_Description of the task_
Transcribe the data in full and exactly, omitting any pictures.
[Opening Task data section]
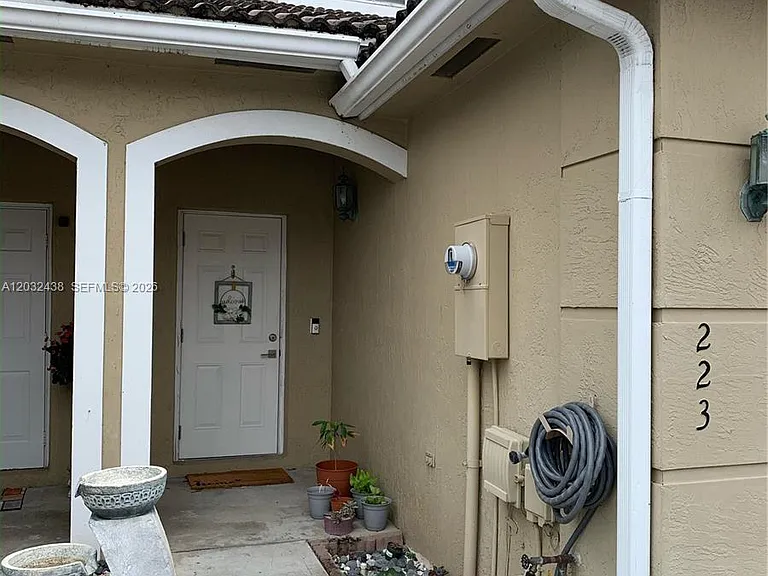 223 SW 120th Ave #0 — Photo 21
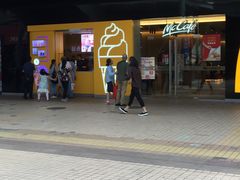 门面-麦当劳(龙阳路店)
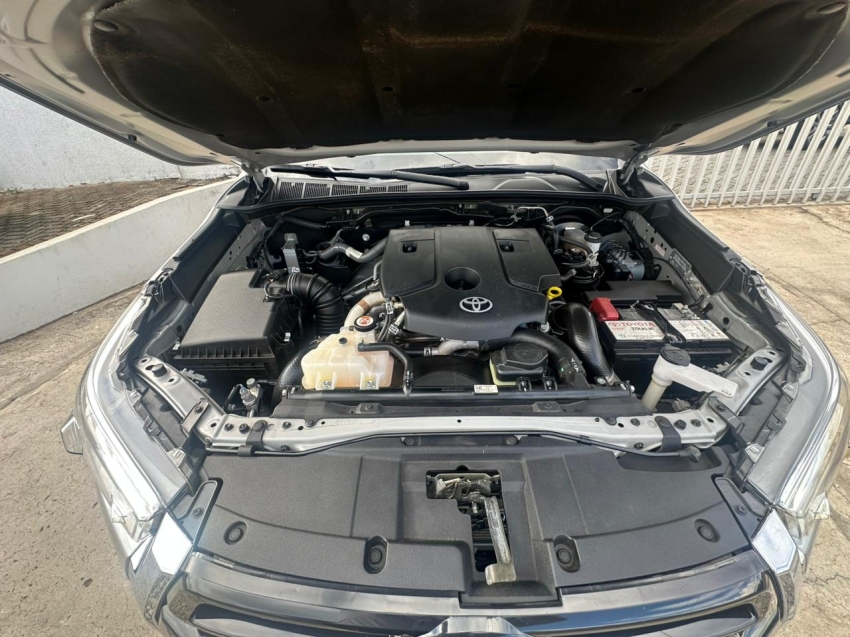 hilux cd dsl 4x4 srx 2.8 diesel7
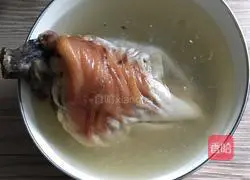 Illustration of how to stew pork elbow with dried bamboo shoots 1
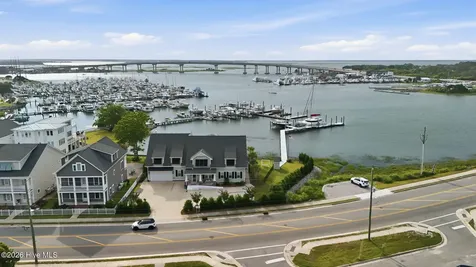 513 Turner Street Beaufort NC 28516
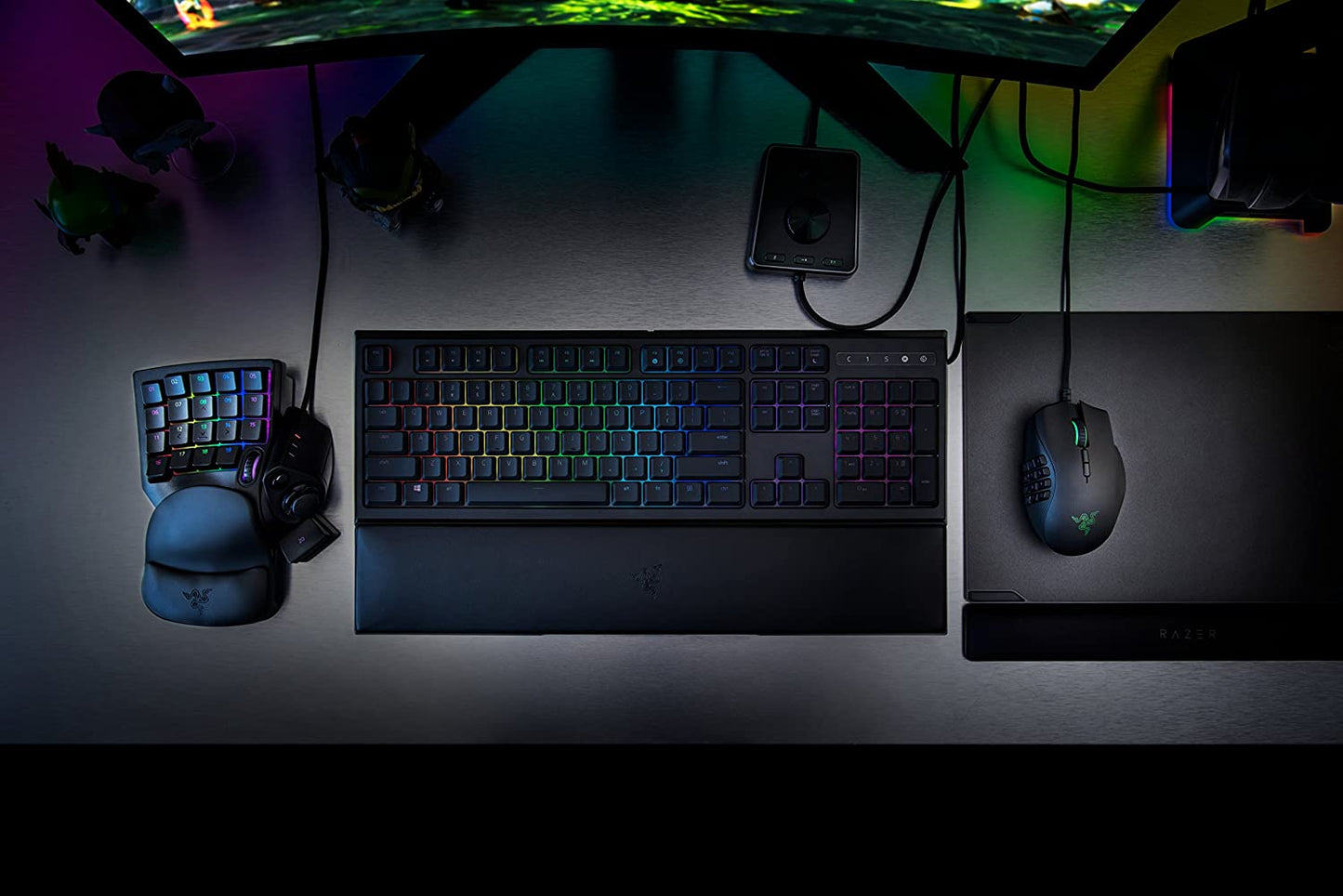 Tartarus V2 Gaming Keypad: Mecha-Membrane Key Switches, 32 Programmable Keys, Customizable Chroma RGB Lighting, Programmable Macros, Classic Black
[Closing Task data section]
_Exercise answer_
 223 SW 120th Ave #0 — Photo 21
 门面-麦当劳(龙阳路店)
 hilux cd dsl 4x4 srx 2.8 diesel7
 Illustration of how to stew pork elbow with dried bamboo shoots 1
 513 Turner Street Beaufort NC 28516
 Tartarus V2 Gaming Keypad: Mecha-Membrane Key Switches, 32 Programmable Keys, Customizable Chroma RGB Lighting, Programmable Macros, Classic Black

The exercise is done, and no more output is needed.